Basically the way most guys under 30 dress is as gay as a guy jizzing on the other guy while he wants his turn to be sucked off and does not go phsycho because he got some other dude's jizz on him.

Those stupid "MMA" haircuts. This was started by gay men, now every "straight dude" thinks he's tough with this douchebag haircut. Pfff, bitch please, whatever...


----------



## PillarofBalance (Dec 13, 2015)

Popeye said:


> I feel that it if you get a 20 piece mc nugget you should bite them into batman symbols. It has helped me before.
> 
> View attachment 2298



I am so confused


----------



## Milo (Dec 13, 2015)

PillarofBalance said:


> Tight under armour makes you gay for the record...
> 
> Costco white T 4 the W



Surprised me you said this. During the summer that's all I wear. XL white tee, jeans, boots or Nikes. Shit is quality.
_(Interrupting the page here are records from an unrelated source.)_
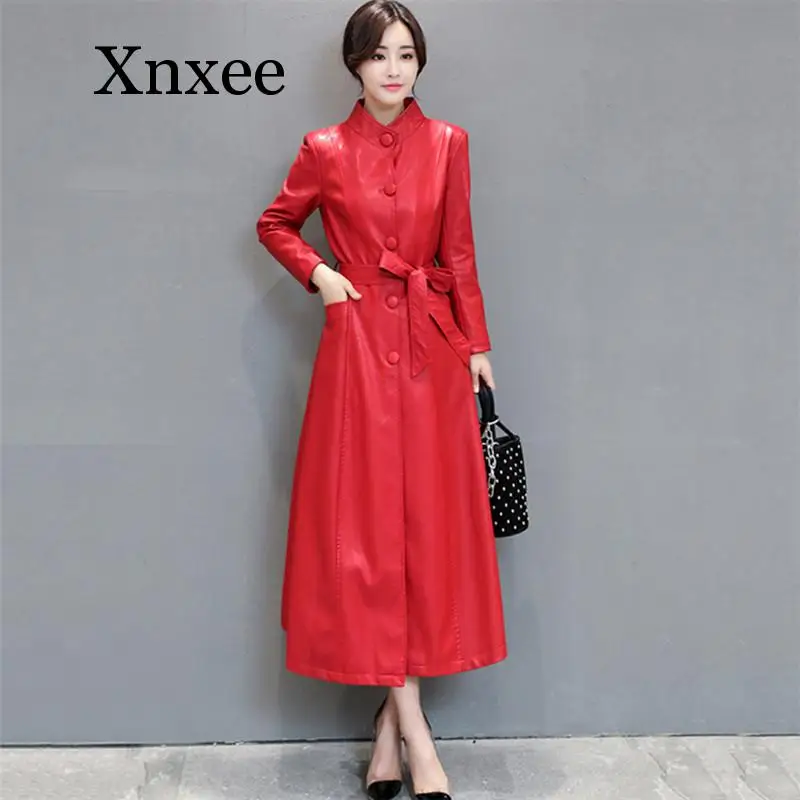 Red Belt Leather Jacket Coat Autumn Winter Korean Single-breasted Coat Ankle Length X-long Long Faux Leather Women
Red Belt Leather Jacket Coat Autumn Winter Korean Single-breasted Coat Ankle Length X-long Long Faux Leather Women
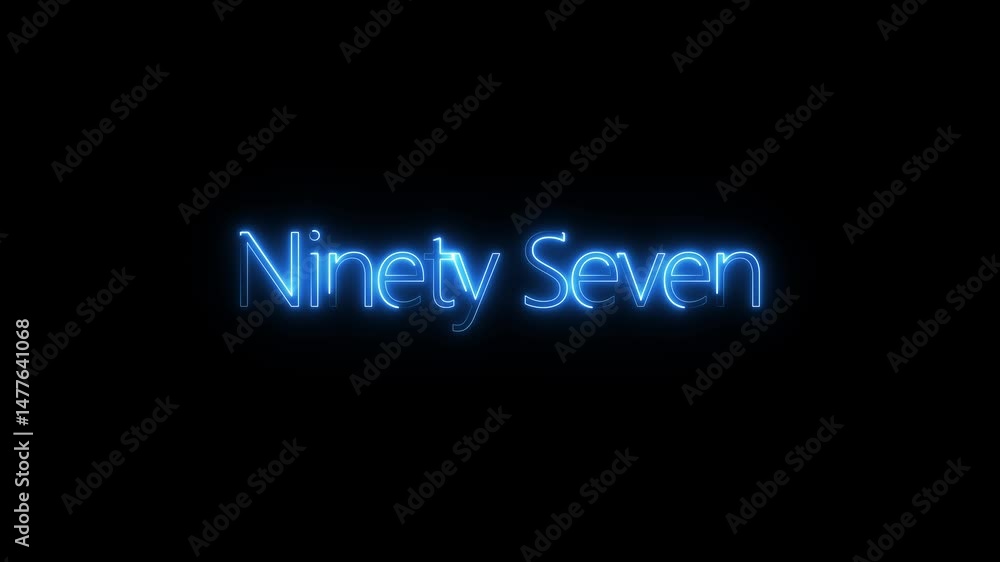 Aufkleber animation of number 97 with cyan neon colors on the outline and isolated on black background. educat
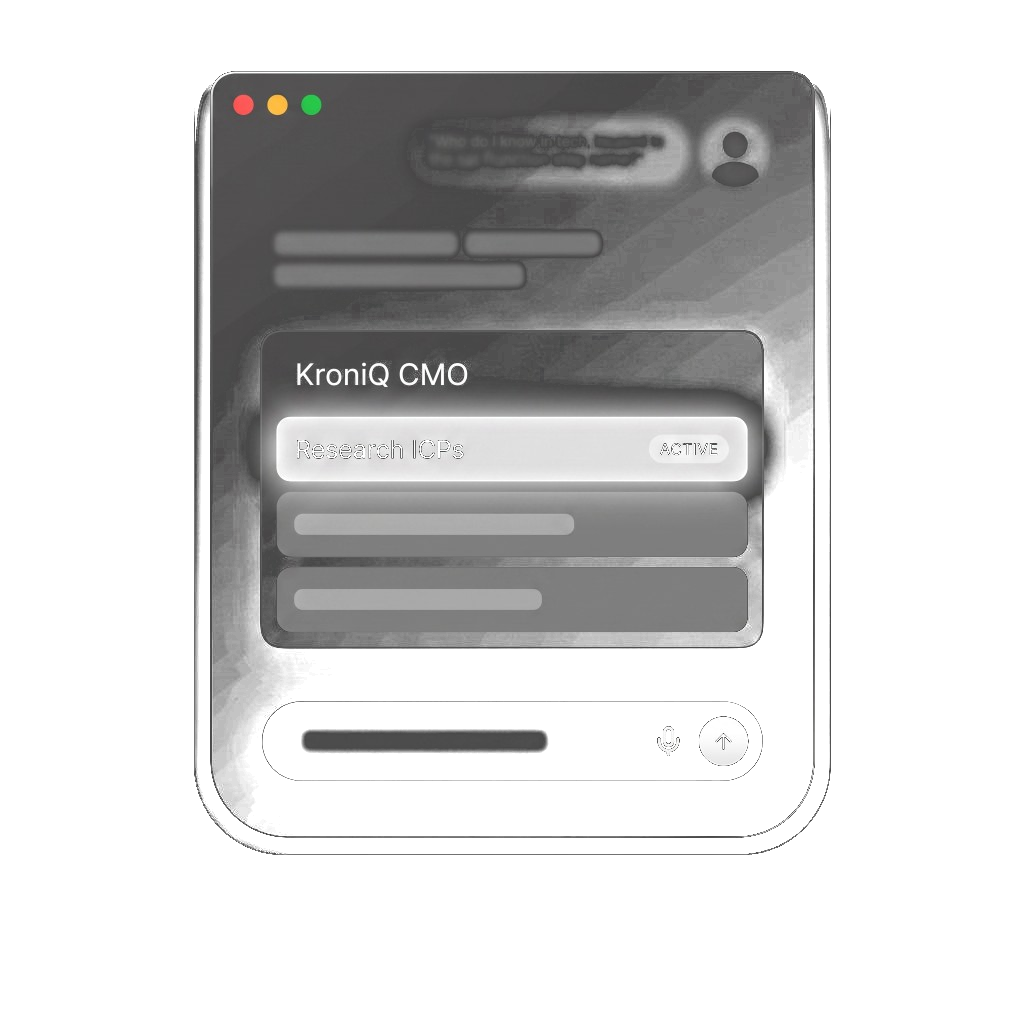 KroniQ CMO brief — type your goal and the agent breaks it into outreach tasks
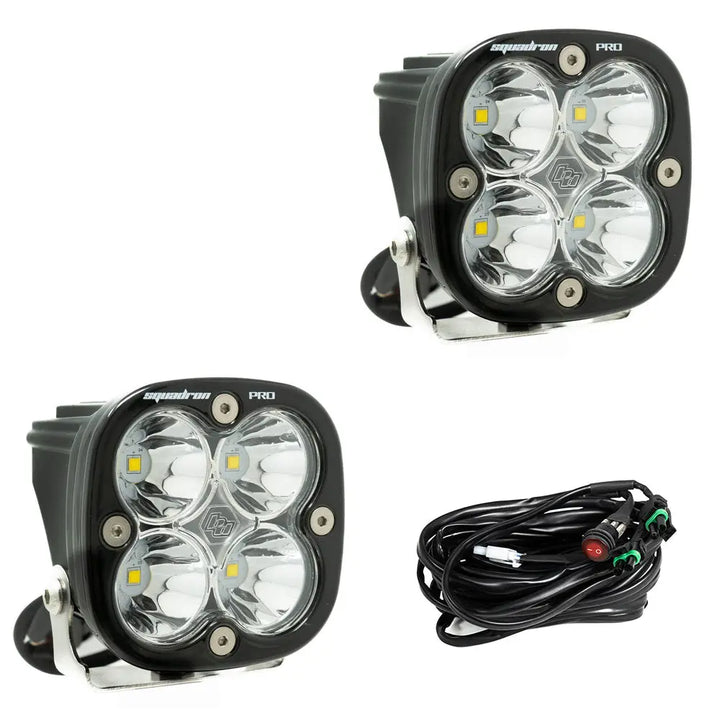 Baja Designs Squadron Pro Black LED Auxiliary Light Pod Pair - UniversalXtrusion Overland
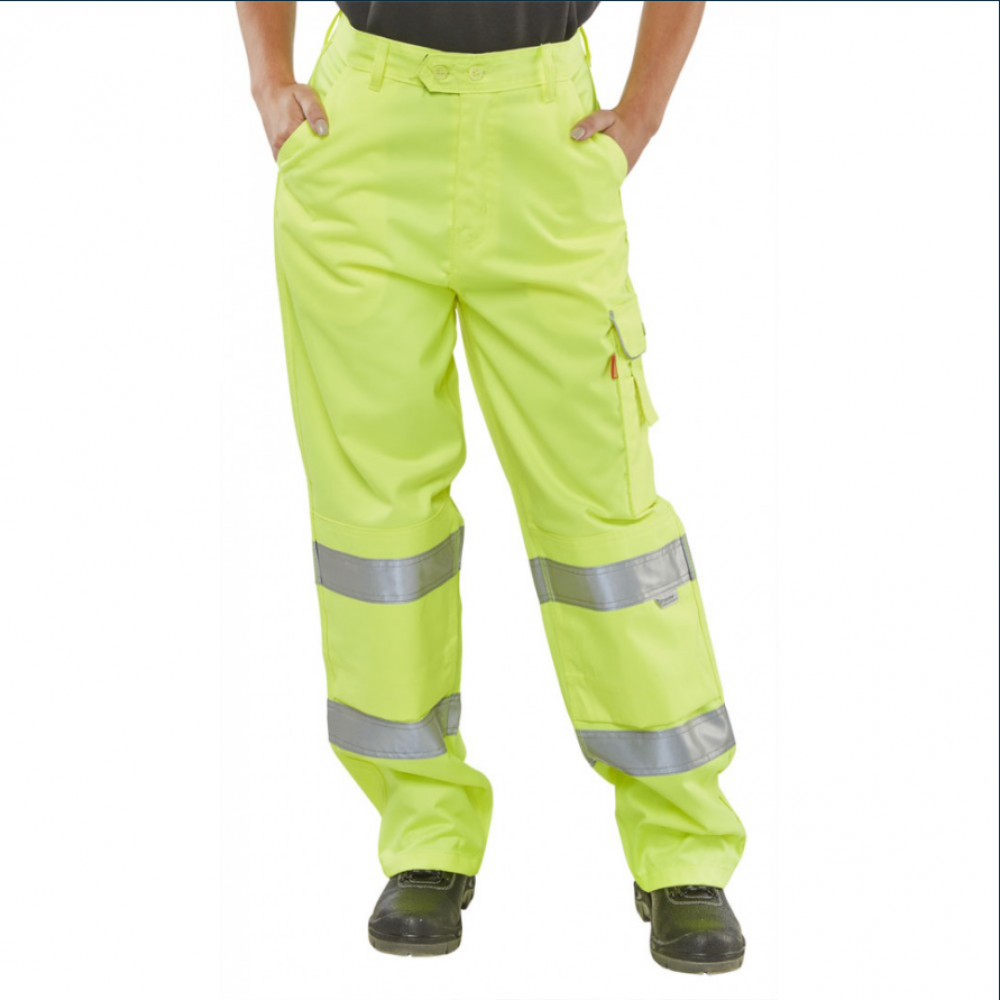 LADIES YELLOW HI-VIZ TROUSERS SIZE  10 (W28)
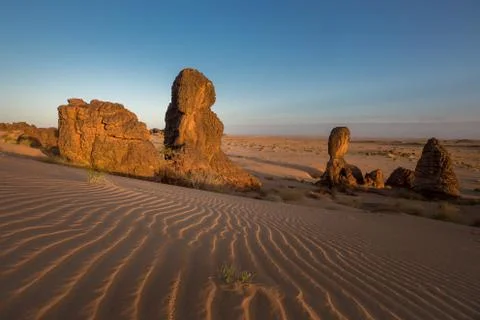 Exceptional rock formation embedded in a large dune area  The Fingers, Es Sba 스톡 사진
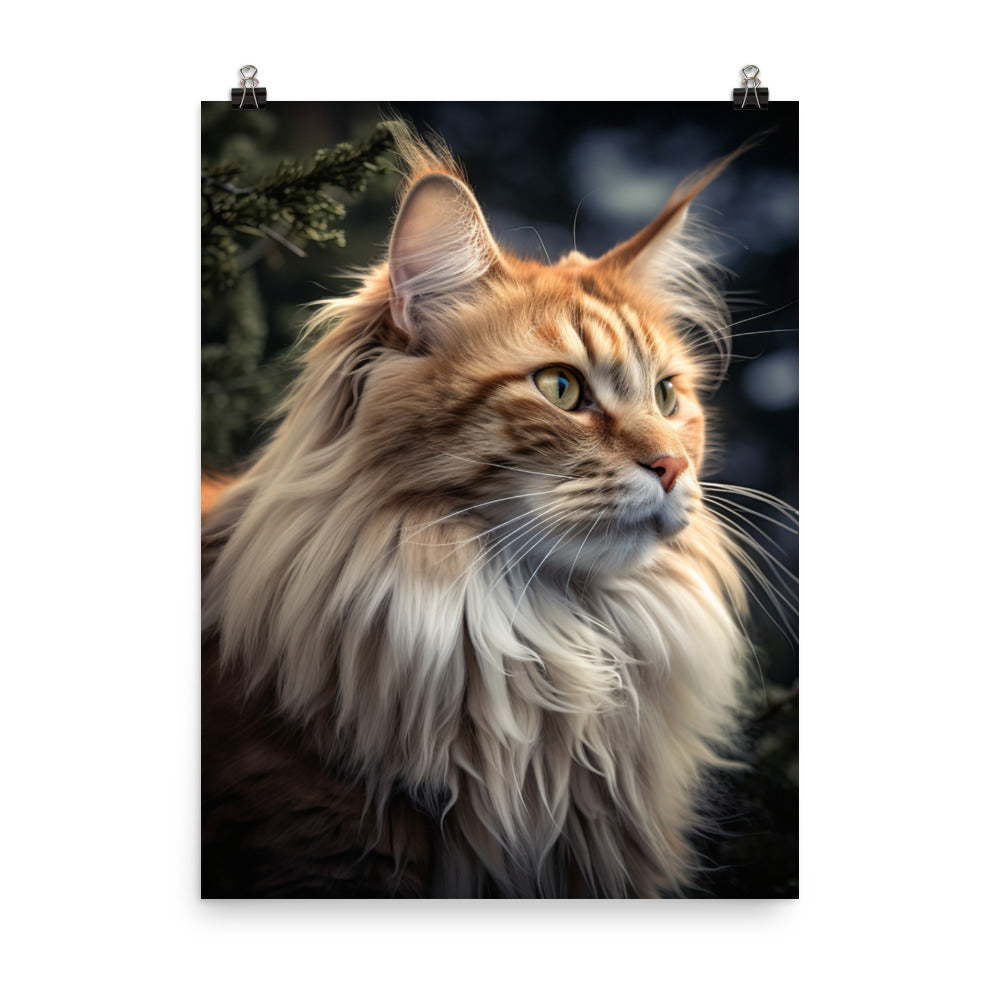 Norwegian Forest Cat Photo paper poster - PosterfyAI.com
Way better than any other white tees because they're so thick and the collar doesn't bacon neck.


----------



## ECKSRATED (Dec 13, 2015)

I wear t shirts from my gym. Didn't know I liked cock until now. Thabks  for clearing that up for me z.


----------



## ECKSRATED (Dec 13, 2015)

The only gay thing that bothers me is all these douche knuckles who wear tight ass pangs to the gym. Yoga pants were made for woman so men could see their asses. No male should own a pair of tights. Ever.


----------



## Popeye (Dec 13, 2015)

Dudes that wear capris are fuking qweers, and pink. ..what man wears pink?


----------



## Angrybird (Dec 13, 2015)

ECKSRATED said:


> No male should own a pair of tights. Ever.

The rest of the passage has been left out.